Tuesday 29 January 2013

Work as a Health Outcome in the Devolved Nations:

How Scotland, Wales and Northern Ireland tackle sickness-related worklessness
by Mark Weston and Julia Manning published by 2020health December 2012

Executive Summary

The proportion of adults in Britain who are unable to work because of health problems has more than tripled since the 1970s, at an estimated annual cost to the economy of over £100 billion. While half of those in Scandinavia who suffer a major injury return to work, in Britain the proportion is just one in six. In England alone, 2.1 million people claim health-related benefits, a number that despite health improvements has barely shifted in the past decade.

Work is clearly needed to improve our record on reducing sickness-related worklessness, therefore. This report gathers lessons from Scotland, Wales and Northern Ireland and draws on them to make recommendations for policy-makers and practitioners in England, as well as identifying areas for improvement in the devolved nations themselves. Efforts in the latter are often more advanced than those in England, and each boasts innovative programs that provide useful lessons for the Health and Wellbeing Boards that will bear primary responsibility for redressing England’s deficit in this area.
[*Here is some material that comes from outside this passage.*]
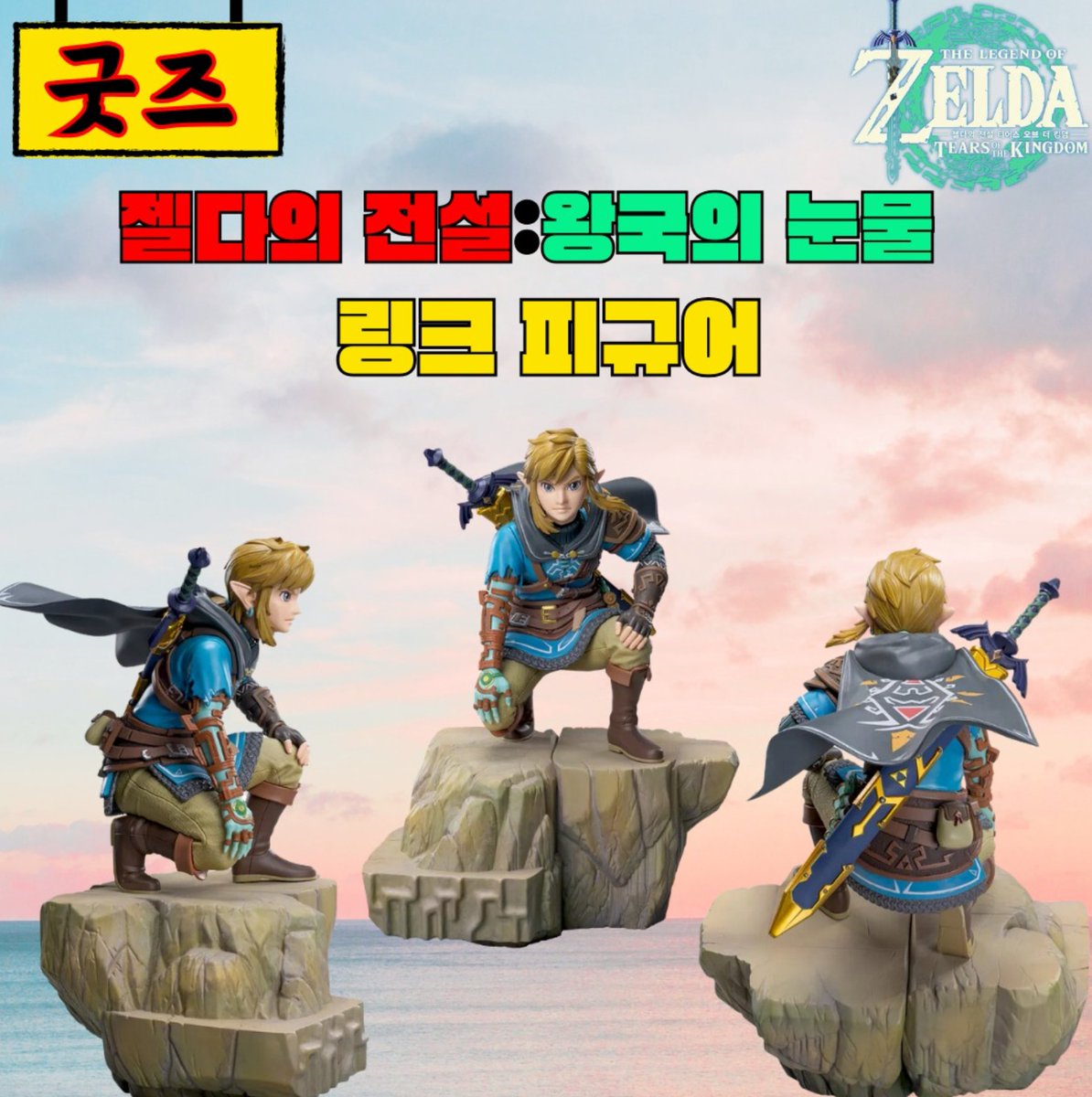 🌟젤다의 전설 링크 피규어 입고되었습니다.~! 🥇입고 #젤다의전설 #젤다 #링크 #홍대굿즈샵 #굿즈샵 #서울굿즈샵 #가챠 #가챠샵  #애니굿즈 #브라더굿즈 #홍대핫플 #데이트코스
Based on our review of the literature, in-depth telephone interviews with high-level stakeholders in the field, a field visit to Glasgow, and a London workshop with members of Health and Wellbeing Boards, we make the following recommendations for those wishing to reduce sickness-related worklessness in England and in the devolved nations:
  1. The importance of leadership: The success of Wales and Scotland in this area has been founded on strong leadership from the centre. England’s Health and Wellbeing Boards should press the case for action to high levels of government as well as locally.
  2. Clear national strategies: The governments of Scotland and Wales developed strategies that held the various stakeholders to account and defined clear timelines and responsibilities for action. These resulted in the establishment of effective national bodies to promote workplace health and return to work services, and in a flurry of local-level initiatives to see policies through. England and Northern Ireland currently lack such well-defined strategies.
  3. Get your own house in order: The Northern Ireland Civil Service and RCN Wales have shown leadership in developing effective workplace health strategies. Sickness absence costs the NHS over £500 million each year (Black, 2008), and private sector firms are likely to look more favourably on efforts to reach them with work and health schemes if those delivering them look after their own staff well. Improving the health of those working for the NHS can have the added effect of persuading them of the importance of the work and health nexus.
  4. Goal-directed joint working: Involving a range of stakeholders in the development of policies and the delivery of programmes is vital for effective implementation. Engaging the most relevant stakeholders for achieving particular objectives and securing their sign up to targets increases accountability and renders goals more likely to be met.
  5. Consistent communications: The value of communicating consistently to all audiences was repeatedly highlighted by our interview respondents. Strong and clear messages can assist in the creation of a coherent “national brand” for health and work.
  6. The value of hubs: Employers and health care practitioners are likely to benefit from one-stop shops that provide a single point of contact to which they can turn for assistance and information, and which can direct them to the relevant service.
  7. The value of hubs for programme implementers: To avoid reinventing the wheel, those designing and delivering health and work programmes would benefit from a central hub – either national or UK-wide – where case studies and data on programme effectiveness are collated and disseminated.
  8. Inclusion of cost-benefit analysis in evaluations: Evaluation of programmes in the devolved nations has been consistent and quite rigorous. However, few analyses have assessed the benefits of projects in comparison with their costs. Practitioners in all four home nations should endeavour to incorporate cost-benefit analysis into policy and programme evaluation.
  9. Targeting of “other” health professionals: Allied Health Professionals, practice nurses, optometrists and even practice receptionists can transmit valuable messages to those with health conditions, and rather than expending all their time and effort trying to convince GPs, advocates of programmes should focus part of their communication campaigns on these non-GP audiences.
  10. Take a long view: Prevention is vital to reducing sickness-related worklessness, and there is much that employers and health and social service providers can do to help stop people needing to take time off work. If a health problem develops, early intervention is needed to prevent it causing prolonged absence. Care and guidance should not stop when a client returns to work, moreover – the steps on the road back to employability should be valued and built into targets, and continued assistance in the period after re-employment reduces the risk of clients being placed in unsuitable jobs in order to meet targets, and helps with adjustments that lead to sustained employment.